Die Regeln des Rennens sind recht einfach: Der Route führt nonstop vom Ostende an der Ukrainische Grenze bis ans Westende an der Bayerischen Grenze quer über diverse Gebirge:
Teil1: SK
http://www.cykloserver.cz/cykloatlas/?d=113303#pos=49.25997P20.29110P8
Teil 2: CZ
http://www.cykloserver.cz/cykloatlas/?d=108887#pos=50.03688P15.15451P8
Gewonnen hat, wer die Route komplett absolviert und als erstes im Ziel ankommt. Unterstützung gibt es – im Gegensatz zu Etappenrennen - keine – außer an drei Checkpoints, die angesteuert werden müssen. Ansonsten ist jeder unterwegs auf sich selbst angewiesen und kann sich die Strecke zeitlich einteilen wie sie/er will. Die Strecke ist per GPS-Track vorgegeben und komplett zu absolvieren. Der Track im GPS-Gerät ist zusammen mit den Checkpoints dann der Beleg dafür. (Man sollte sich also besser nicht verirren, wenn man nicht disqualifiziert werden will.) Vorgeschrieben ist auch noch eine Mindestausrüstung - „letzte Hilfe“ genannt .-) Dazu gehören u.a. Schlafsack, Feuerzeug und Pfefferspray (gegen Bären). Die Route führt im jährlichen Wechsel von Ost nach West und umgekehrt.
Prolog
2012 war ich schon einmal mitgefahren, hatte es aber nur von der bayerischen Grenze bis in den Osten Tschechiens geschafft, also nur die halbe Distanz von 500 statt 1000 Meilen. (Die vielen offroad-Passagen und die Höhenmeter, die den Grenzgebirgen zusammen kommen, hatte ich damals unterschätzt.) 2013 führt die Route westwärts. Mit etwas mehr Training hoffte ich, es dieses Mal die komplette Distanz zu schaffen. Entsprechend hatte ich seit Weihnachten Kilometer „geschruppt“. Am Ende standen rund 330h/ 3000km/ 55000hm auf dem Tacho. Aber es war ein langer Winter. In den drei Monaten vor dem Rennen kamen nur ca. 750km/Monat zusammen – für einen Ultramarathon von 1600km und 30000hm (das Cape Epic bringt es nicht einmal auf die Hälfte davon!) eigentlich nicht viel an Training...

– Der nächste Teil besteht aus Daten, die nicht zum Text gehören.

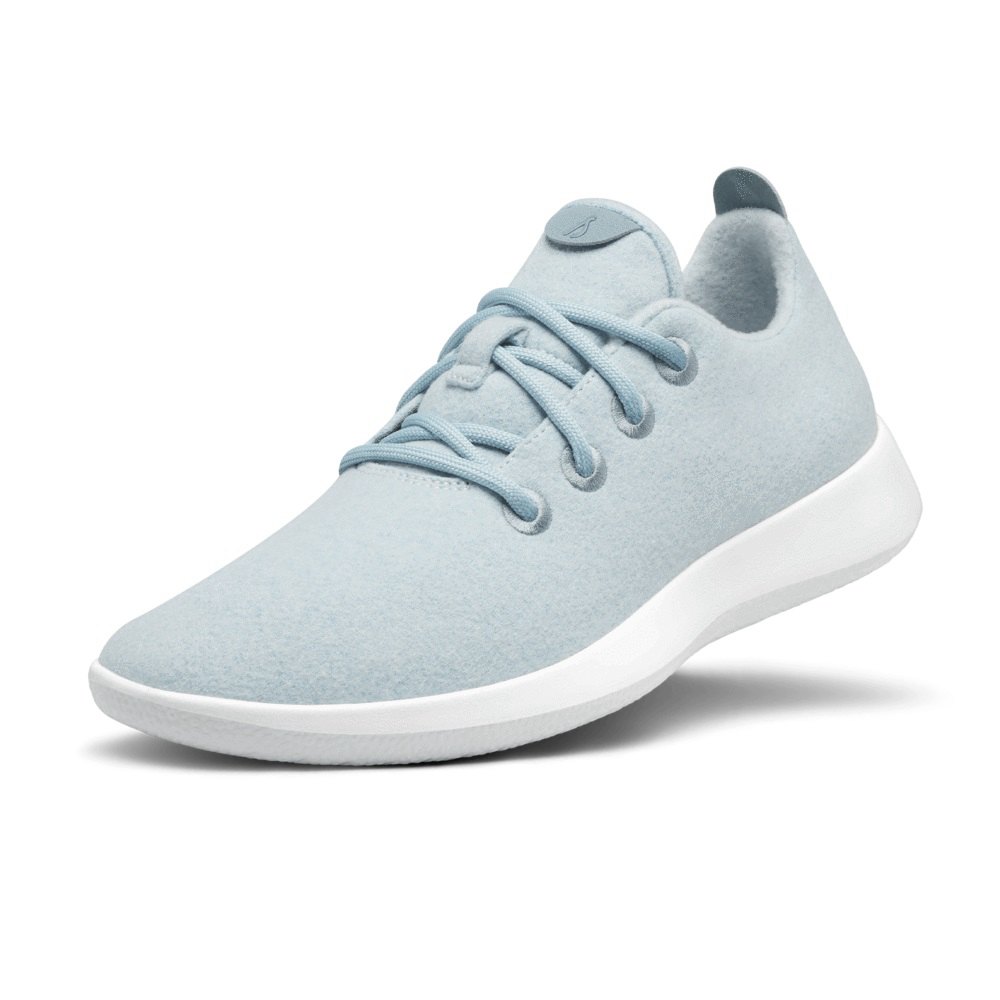 Allbirds Wool Runners - Basket Bleu Homme | RHY-34916826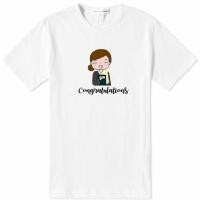 ราคา เสื้อยืดสกรีนลายได้ตามต้องการ เสื้่อของขวัญรับปริญญา ของขวัญรับปริญญา ของขวัญ (2790415588)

Nachdem ich 2012 viel zu schwer war, habe ich 2013 versucht, massiv Gewicht zu sparen: Das neue 29er Hardtail samt minimalistischer Ausrüstung hat rund 15kg Gewichtsersparnis gebracht. (Danke an Udo von Stein-Bikes in Chemnitz für die super Beratung!) Außerdem muss auch noch das Wichtigste mit: Isomatte und Ersatzschläuche am Lenker, Akkus & Handy auf dem Oberrohr,
Werkzeug und kleine Ersatzteile in einer Dreieckstasche darunter, Schlafsack und Regensachen am
Sattel. Wasser, Lebensmittel und leichte Sachen im Rücksack auf dem Rücken. Auf Trinkflaschen am Rahmen habe ich bewusst verzichtet, um das Rad besser auf der Schulter in unwegsamen Passagen tragen zu können:
Kurz vor der Abreise zu den 1000-Meilen-2013. (Der Sattel mag zwar wenig sportlich aussehen, aber mit der mitschwingenden Active-Variante habe ich gute Erfahrungen gemacht. Und soviel Luxus für den Allerwertesten muss einfach sein. Die Anzahl der Stunden auf dem Rad folgen dann jeweils in der Tageszusammenfassung und erklären dies sicher nachdrücklich... ) Foto: Autor
Die 3-Liter-Trinkblase im Rucksack muss also reichen. Ca. 12kg für das Bike, 4kg für Equipment und max. 3-4kg Wasser & Proviant sollten also dafür sorgen, dass ich unter der 20kg-Marke bleibe - immerhin knapp 1/4 von dem, was der Fahrer auf die Wage bringt
Dem Feilschen um jedes Gramm fiel leider 2013 auch der Fotoapparat zum Opfer. Ich versuche daher, den zweiten Teil der Strecke mit Fotos von mir aus dem Vorjahr zu illustrieren. Von Jan Kopka habe ich einige Fotos bekommen (Danke!) , die ich ebenfalls mit verwenden darf. Die Fotogalerie der 1000-Meilen hat auch schöne Fotos, zu ein paar davon werde ich verlinken.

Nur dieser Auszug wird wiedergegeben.